Zwei Schwestern hören seltsame Klopfgeräusche und meinen, so kommuniziere der Geist eines Ermordeten mit ihnen. Der Fall macht Schlagzeilen, als sich Knochenfragmente unter dem Haus im Dörfchen Hydesville nördlich von New York finden. Bald können die Schwestern Catherine und Margaret Fox für ihre Séancen Eintritt verlangen. Durch ihre Geschichte erlebt der Geisterglaube ab 1848 einen Boom.
Zeichen aus dem Jenseits
Der Spiritismus verbreitet sich aus den USA, wo er Ende des 19. Jahrhunderts Millionen Anhänger hat, nach Europa. In seinem Zentrum stehen Medien: Menschen, in deren Gegenwart scheinbar übernatürliche Dinge passieren. Sind es Betrüger? Empfangen sie echte Zeichen aus dem Jenseits - oder glauben sie das zumindest selbst?

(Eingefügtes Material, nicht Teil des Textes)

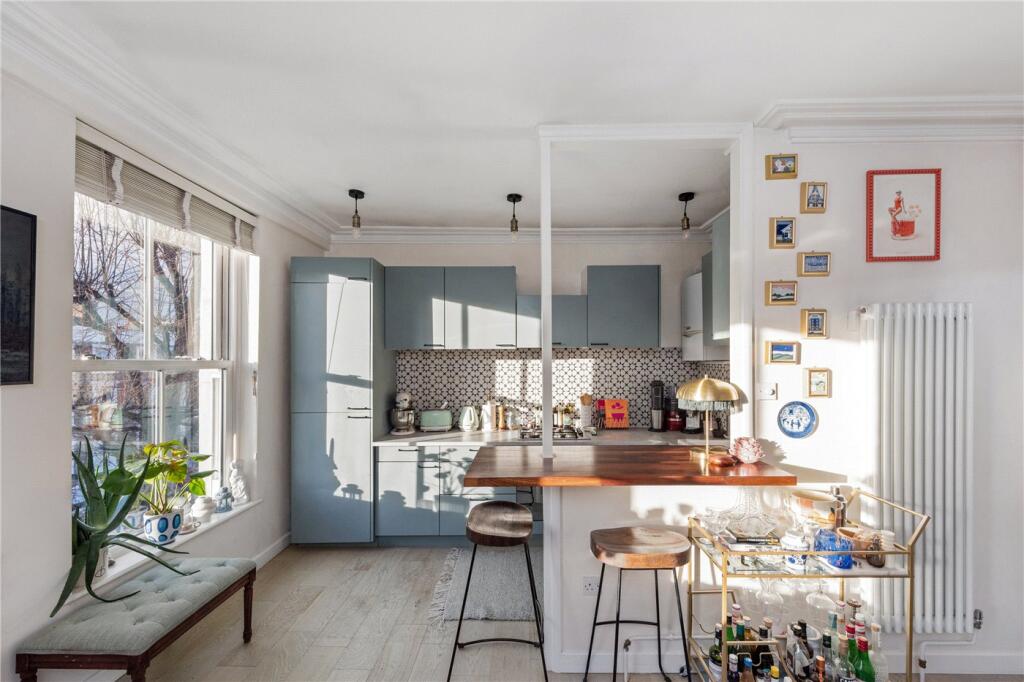 Apartment in London - View 3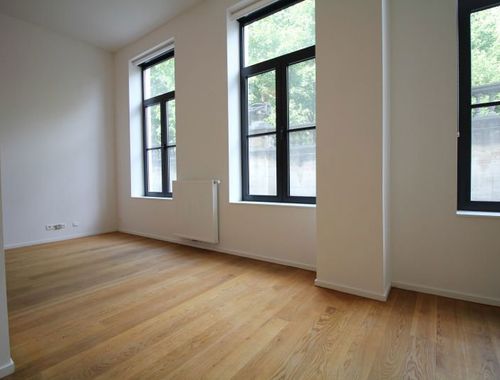                                         Studio avec coin lit à louer à Bruxelles, € 1.070
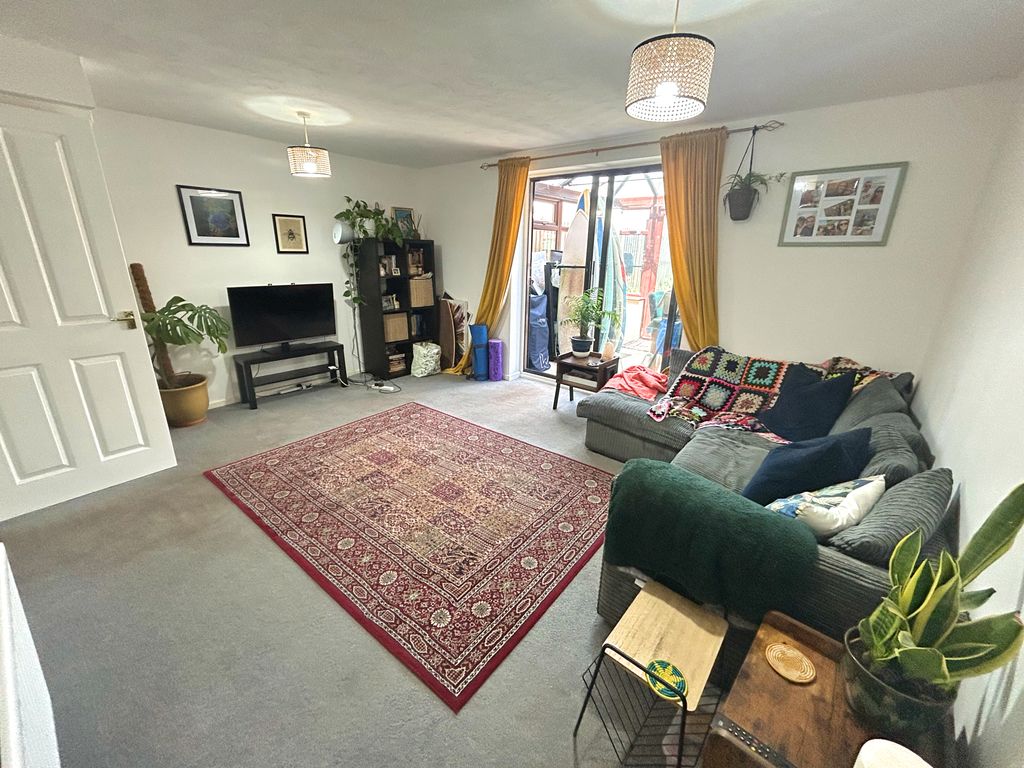 Property photo 3 of 23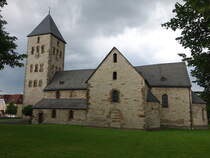 Brenken, romanische Pfarrkirche St. Kilian, erbaut im 13. Jahrhundert (31.05.2024)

Der Mediziner und Philosoph Thomas Knoefel lässt diese Fragen offen. Der Autor scheint alles für möglich zu halten. Er praktizierte lange Zeit eine dem Voodoo verwandte Religion und schildert im Prolog eigene Erfahrungen mit dem Übersinnlichen - etwa von seiner Großmutter, die den Tod von Angehörigen im Traum vorausahnte.
Der Okkultismus fasziniert den 1958 geborenen Ost-Berliner schon lange: 2007 hat er eine CD-Box herausgegeben mit Originalaufnahmen von Geister-Geräuschen und Trance-Reden. 2017 erschien ein Fotoband über seine Reise zu einem nigerianischen Voodoo-Priester. Dementsprechend kenntnisreich schreibt Knoefel über magische Phänomene.
Auseinandersetzung mit dem Unbewussten
Seinem "Okkulten Brevier" hätte allerdings eine klarere Struktur gutgetan. Die unterschiedlichen Kapitel setzen zwar Schwerpunkte, Wiederholungen aber häufen sich. So finden sich immer wieder ähnliche Beschreibungen von Séancen. Das ermüdet, genauso wie der blumige Stil des Autors, der in langen Sätzen zu Abschweifungen neigt: vom 19. Jahrhundert zurück zu den Philosophen der Antike und zu den Mystikern des Mittelalters. Dabei setzt das "Okkulte Brevier" viel Wissen voraus. Wer Namen wie Helena Blavatsky oder Aleister Crowley nicht kennt, muss im reichhaltigen Fußnotenverzeichnis am Ende des Buches nachschauen.
Am stärksten ist Thomas Knoefels Buch dort, wo der Autor ganz nah dran ist an den unglaublichen Geschichten seiner Protagonisten: an Hysterikerinnen, die wegen ihrer Halluzinationen - oder sind es Visionen? - von den Irrenärzten des 19. Jahrhunderts in der Pariser Anstalt Salpêtrière mit Stromschlägen gequält werden. Oder wenn er sich in den portugiesischen Autor Fernando Pessoa einfühlt, aus dessen Schriften verschiedene Identitäten - oder Geister? - sprechen.
Fernando Pessoa war einer von vielen Künstlern der Avantgarde, der mit dem Okkulten experimentierte. Dass die Geister-Faszination um 1900 nichts Rückwärtsgewandtes war, sondern durchaus modern in ihrer Auseinandersetzung mit dem Unbewussten – das ist letztendlich der spannende Kern von Thomas Knoefels Buch.